2) The FM parameters estimated methods of the multi-component LFM signals have been studied. The radar echo processing of the high-speed maneuvering target is related with detection and parameter estimation of the LFM signals. In order to study the quadratically matched processing and parameter estimation of the LFM signals, the reciprocal transforming relationship of FM parameters estimated methods for the continuous complex LFM signals, including Radon-Wigner transform (RWT), Wigner-Hough transform (WHT), Fractional Fourier transform (FrFT), Dechirp,Chirp-Fourier transform (CFT) and Maximum Likelihood (ML), are studied in theory for the first time, and the optimal expression of FM parameters estimation is proposed. Secondly, Multi-resolution fast parameters estimation arithmetic of LFM signals via RWT is offered. The parameters estimation performance is studied on frequency deviation coefficient and residual expansion coefficient, and the computational cost is analyzed. Finally, the fast algorithm of Radon-Ambiguity transform (RAT) method of the discrete signals is proposed. Simulation results have validated that both RWT and RAT can reach the Cramer-Rao bound (CRB) even on low SNR. The analysis indicates that RWT accesses RAT in computational cost. The RWT method can estimate the frequency and chirp rate of the LFM signals, and adapt to analyze arbitrary the multi-component LFM signals. The RAT method fits to estimate the chirp rate of the multi-component LFM signals in the same chirp rate, because the total energy of various component signals can be utilized.

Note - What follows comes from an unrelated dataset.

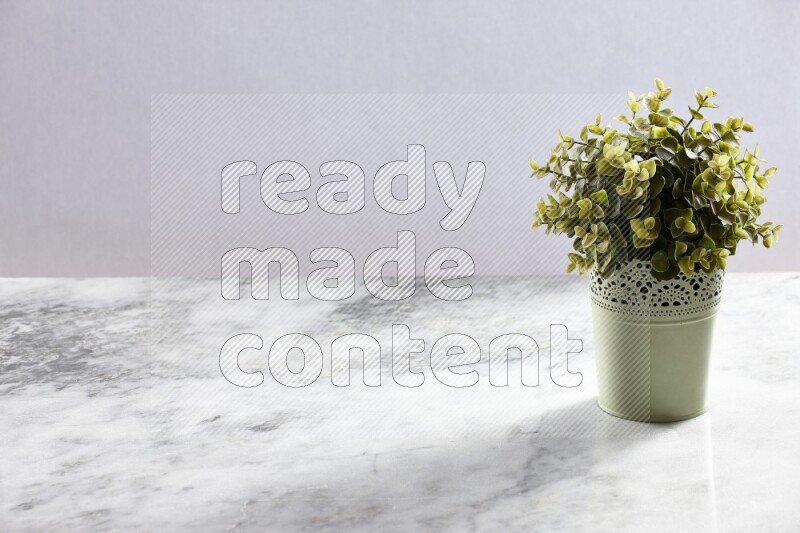 Artificial plant in green decorative pot on grey marble background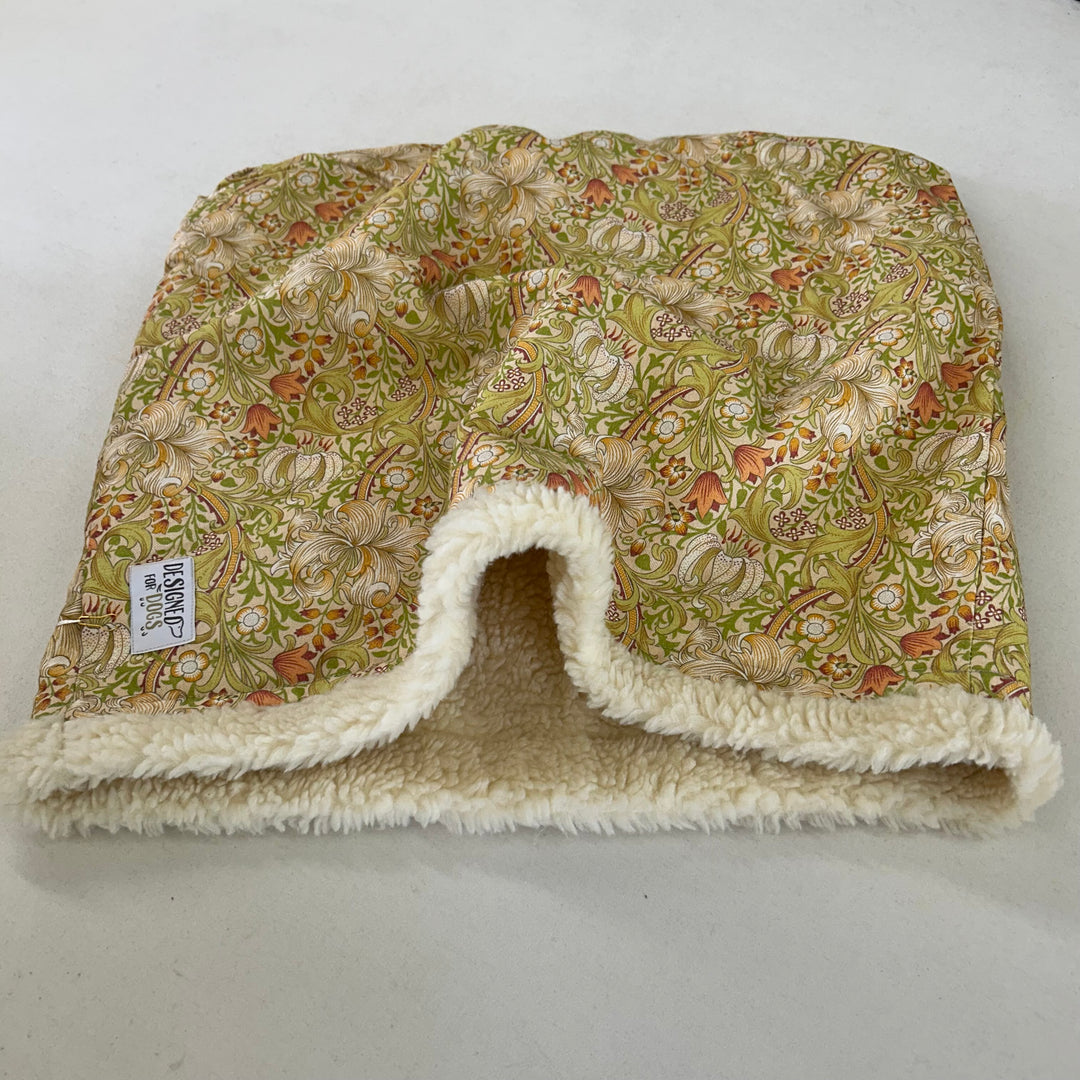 Snuggle sack in yellow William Morris fabric and cream faux sheepskin inner. Fabric shows green/ yellow flowers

3) Based on RWT method, the resolutions of multi-component LFM signals and multi-target are studied respectively. The RWT output approximate expression is given based on quadratic Taylor's series expansion for the first time, and the joint resolution mathematical expression of the FM parameters, and the joint resolution of delay time, frequency and chirp rate are offered in theory, which are validated by simulation results. Then, the joint resolution expression of velocity and acceleration of the pulse Doppler radar is offered. It is indicated that the motion parameters can be distinguished if the radial distance deviation reaches half wave length. The simulation results have been given to compare the performance of the Fourier transform and the RWT method. Finally, the joint resolution of distance, velocity and acceleration for LFM radar is studied, which indicated that the joint resolution condition is decided by the radial position deviation (resolution cell level) and the radial distance moving deviation in coherent time (wave length level) of the two targets. The simulation results have been given to compare the performance of the matched filtering and the RWT method. This research is helpful to track maneuvering target, as well as group target resolution and recognition.

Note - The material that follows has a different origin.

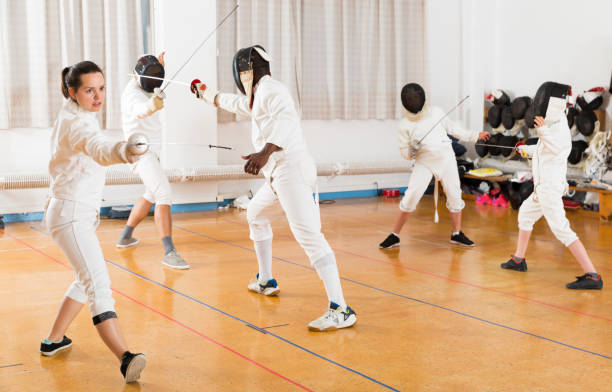 istock Woman wearing fencing uniform practicing with foil 1214690576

4) The motion compensation, continuous tracking, ISAR imaging and cross-range calibration of the wideband radar for the high-speed maneuvering target are studied systemically. Based on the spectral expansion characteristics of the velocity and acceleration, a novel linear model of wideband range profile of maneuvering target is proposed. Linear parameter estimation and compensation of range profile via RAT are presented, and the measurement errors of range and velocity are analyzed. The simulation results show that this method can resolve the range profile spectral expansion of maneuvering target unknown motion parameters. In order to use radar resource effectively, once the target has been tracked by narrow band signal, the radar can switch to mono-pulse tracking and imaging of wideband signal. Angle, distance and velocity measurement models of wideband range profile are presented, which are validated by simulation results. Target orientation and tracking based on range profile can increase data rate of target tracking, which can enhance the tracking capability of maneuvering target.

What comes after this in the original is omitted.